*Required action:*
Give the listing again character for character, but drop the images.

[[ Recorded information open ]]

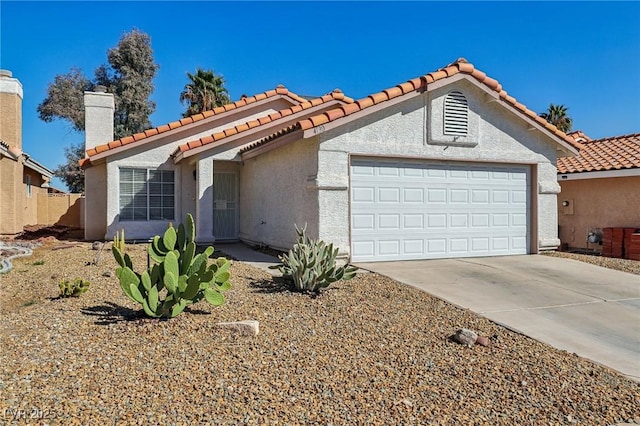 mediterranean / spanish-style house with an attached garage, a chimney, driveway, and stucco siding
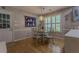 Cozy dining area features hardwood floors and a glass table near a sunny window at 5176 Ashbury Manor Ln, Sugar Hill, GA 30518
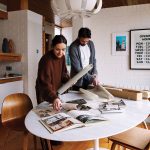 Katie and Jordan Laird, co-owners of Studio Something, making moodboards for family portraits and future projects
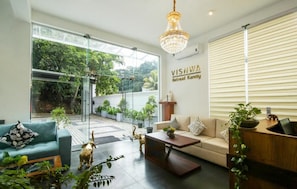 A modern living room with a sofa, coffee table, and a chandelier. There is a large window with a view of greenery outside. - Hotel Vishwa Retreat - Kandy (Kandy)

[[ Recorded information closed ]]

*Result for this task:*
 mediterranean / spanish-style house with an attached garage, a chimney, driveway, and stucco siding
 Cozy dining area features hardwood floors and a glass table near a sunny window at 5176 Ashbury Manor Ln, Sugar Hill, GA 30518
 Katie and Jordan Laird, co-owners of Studio Something, making moodboards for family portraits and future projects
 A modern living room with a sofa, coffee table, and a chandelier. There is a large window with a view of greenery outside. - Hotel Vishwa Retreat - Kandy (Kandy)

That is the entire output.